When I was a kid, my packed lunch was often the same every day: a container of yogurt, frozen; a turkey sandwich on wheat bread (with lettuce and tomato in a separate baggie); raw, kid-sized veggies (baby carrots, celery sticks) and something sweet, maybe a mini candy bar if it was Halloween or Easter time.
But creativity in kids’ lunches doesn’t have to take a backseat when the school year (and track practice and band practice and school play rehearsals) resume in full force. Were betting even the adults in the family will enjoy these recipes.
Here are five great ideas for fun school lunches to kick- off 2012-13!
1. Got some leftover turkey? Try a cucumber ranch turkey wrap (inspired by Every Day with Rachel Ray) with cream cheese and fresh veggies. It’s quick and portable, and you can vary it a dozen ways using leftover ham or chicken, avocado, tomato, a mild blue cheese, grapes and/or fresh greens. If your kid is adventurous (or you want a more adult version), try adding sundried tomato pesto, marinated artichokes and roasted red peppers.

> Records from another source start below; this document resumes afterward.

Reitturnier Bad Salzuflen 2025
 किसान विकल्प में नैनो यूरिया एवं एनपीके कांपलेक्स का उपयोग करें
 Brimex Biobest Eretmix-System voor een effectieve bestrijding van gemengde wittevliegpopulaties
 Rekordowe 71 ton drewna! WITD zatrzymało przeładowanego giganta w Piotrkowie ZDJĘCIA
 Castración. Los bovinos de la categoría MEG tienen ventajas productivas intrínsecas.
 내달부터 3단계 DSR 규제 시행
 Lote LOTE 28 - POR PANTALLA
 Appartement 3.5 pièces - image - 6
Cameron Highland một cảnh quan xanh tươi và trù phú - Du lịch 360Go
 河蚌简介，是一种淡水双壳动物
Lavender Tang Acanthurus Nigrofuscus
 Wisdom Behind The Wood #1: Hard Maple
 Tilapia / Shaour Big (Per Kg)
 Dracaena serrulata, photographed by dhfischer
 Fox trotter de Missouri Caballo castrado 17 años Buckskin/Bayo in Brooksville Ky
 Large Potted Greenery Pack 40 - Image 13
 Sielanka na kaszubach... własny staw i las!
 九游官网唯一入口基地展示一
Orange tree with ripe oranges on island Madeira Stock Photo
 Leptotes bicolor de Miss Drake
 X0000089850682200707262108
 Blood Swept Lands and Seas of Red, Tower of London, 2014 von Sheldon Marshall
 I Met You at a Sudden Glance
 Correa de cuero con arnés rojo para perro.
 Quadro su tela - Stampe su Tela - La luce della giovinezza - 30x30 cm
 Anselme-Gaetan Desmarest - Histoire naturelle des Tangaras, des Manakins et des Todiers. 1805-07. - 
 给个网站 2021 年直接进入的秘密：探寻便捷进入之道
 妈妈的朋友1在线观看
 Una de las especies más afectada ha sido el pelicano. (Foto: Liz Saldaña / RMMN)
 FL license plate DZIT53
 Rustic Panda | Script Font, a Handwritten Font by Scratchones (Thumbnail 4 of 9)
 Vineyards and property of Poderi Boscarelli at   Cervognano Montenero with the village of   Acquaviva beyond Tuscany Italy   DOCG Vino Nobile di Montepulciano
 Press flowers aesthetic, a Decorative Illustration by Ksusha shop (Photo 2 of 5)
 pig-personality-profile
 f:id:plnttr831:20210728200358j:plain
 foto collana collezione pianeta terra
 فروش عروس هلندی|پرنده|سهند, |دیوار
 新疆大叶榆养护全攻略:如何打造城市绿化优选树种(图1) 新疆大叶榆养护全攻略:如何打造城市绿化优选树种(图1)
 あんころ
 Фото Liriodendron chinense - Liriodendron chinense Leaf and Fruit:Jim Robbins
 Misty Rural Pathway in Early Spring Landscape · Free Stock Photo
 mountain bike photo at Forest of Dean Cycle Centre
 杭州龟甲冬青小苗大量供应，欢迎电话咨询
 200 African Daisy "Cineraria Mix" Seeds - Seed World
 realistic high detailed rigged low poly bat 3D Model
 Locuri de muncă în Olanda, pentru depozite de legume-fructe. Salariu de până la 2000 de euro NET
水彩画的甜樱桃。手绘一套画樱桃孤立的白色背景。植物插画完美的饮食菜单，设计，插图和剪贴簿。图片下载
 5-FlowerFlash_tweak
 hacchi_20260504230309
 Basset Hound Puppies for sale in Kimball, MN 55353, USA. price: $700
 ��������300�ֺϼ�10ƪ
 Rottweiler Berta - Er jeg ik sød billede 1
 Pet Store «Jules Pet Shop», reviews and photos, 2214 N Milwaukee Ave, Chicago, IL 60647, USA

2. As summer comes to a close, make the most of all those beautiful tomatoes with a simple watermelon gazpacho (adapted from Food and Wine Magazine). Skip the salsa topping and it couldn’t be simpler — chop and blend together sweet seedless melon, fresh tomatoes (the more colorful the better!), cucumber, a touch of sherry vinegar and a drizzle of olive oil. On the side, make your own “Lunchable”; pack it with salami, cheddar cheese and crackers for extra protein and carbs.
3. While we’re talking tomatoes, don’t miss the chance to make sweet roasted cherry tomato sauce for an easy lunchtime pasta that’s wonderful at room temperature. It’s like Kraft Mac and Cheese studied abroad in Italy. Check out recipes from Susie Middleton, author of The Fresh and Green Table and the blog Six Burner Sue, or adapt this one from Epicurious. Let your child choose a pasta shape, like cute ear-shaped orecchiette or twisty gemelli.
4. Chefs send their kids to school, too. At the Food Network, celebrity chef Tyler Florence makes a BLT with pesto and fresh mozzarella, stuffed into an old tennis ball tube with a popcorn ball and a bottle of water. In addition to tasting great, the baguette keeps its shape during morning classes. With a green salad or a cup of tomato soup, these sandwiches are great for a family dinner, too. Check out Florence’s recipe here.
5. Take a tip from your favorite Med cafe and make a lunch out of hummus, fresh bell peppers, a chickpea-cucumber salad and whole wheat pita pockets, cut into bunny shapes for fun. Make hummus yourself (recipe at Forkful of News) or find it pre-packed — many grocery delis make their own. Add mild sheep’s milk feta, like Hidden Springs, and a couple of kalamata olives for salty contrast.